At its core – we are asking how can we speak our mind and listen to one another, when we have different moral perspectives.

Professor Chris discussed the topic of Moral Leadership and shared strategies for engaging in meaningful collective action across political and moral differences.

Organisers from 12 different countries joined the discussion.

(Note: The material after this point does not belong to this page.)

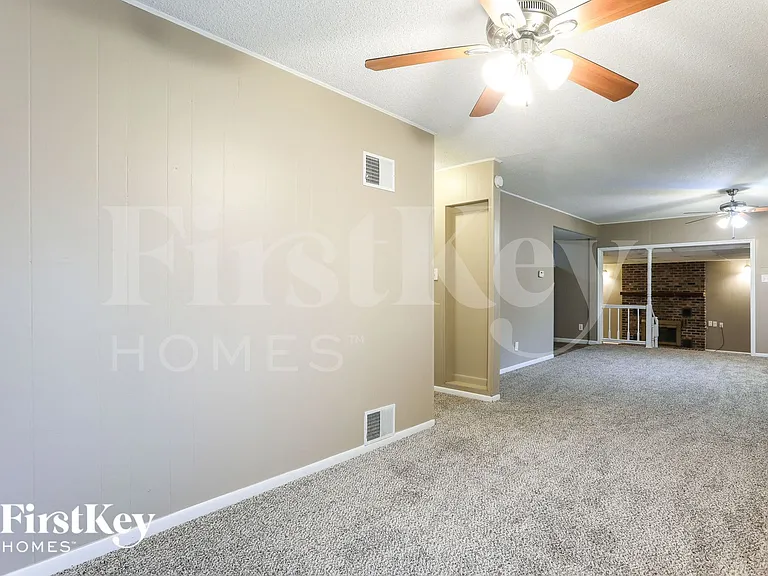 3008 S Scott Ave — Photo 8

Have something to add? Join the discussion in the comments below.

Comments 4

  • comment author

    Hi! Here are some discussion questions we have sent out to Chris. Stay posted for his responses, but we would love your opinion as well!

  • comment author

    MATTHEW LEWIS
    
I am simmering on the idea that both civility and intellectual humility (as I understand them) are largey about a personal disposition, a way to commit to entering the world for yourself and on your own terms. But what of the intractable tensions/entanglements that exist out there that have nothing to do with personal commitments. Ultimately, can/will commiting to these two ideas – civility and IH – ‘do’ something and create the sense of traction that change is possible?


  • comment author

    Sarah Hertz
    
Another series of questions about trust: How might we employ these frameworks (of intellectual humility, of civility) to address the “crisis of trust” in politics today? Might this lack of humility or civility be the cause of declining public trust? Should we even be concerned with cultivating trust in authority, when we lack moral leadership? How would you define “trust”? How do we make policy choices in a low-trust environment?

  • comment author

    Nizar Farsakh:
    “Morality is for those who can afford it”: I think someone said it but I can’t remember who, at any rate, the point is that if we look at people’s morality and especially how it “evolves” or changes through time, we notice that there is a sizeable correlation with interests and/or the cost of carrying such morality/opinions. For example, to what extent is it truly that moving to urban areas makes you more liberal out of genuine conviction vs out of mere innate tendency to adapt and assimilate? It’s easy to be conservative in Saudi Arabia and pretty difficult in San Francisco. So, my question is: Is there a way to correlate interest/cost of adoption vs morality/opinion? Can we figure out a “correction” factor to account for that cost? Can we make those moral positions weighted against the interest they impact?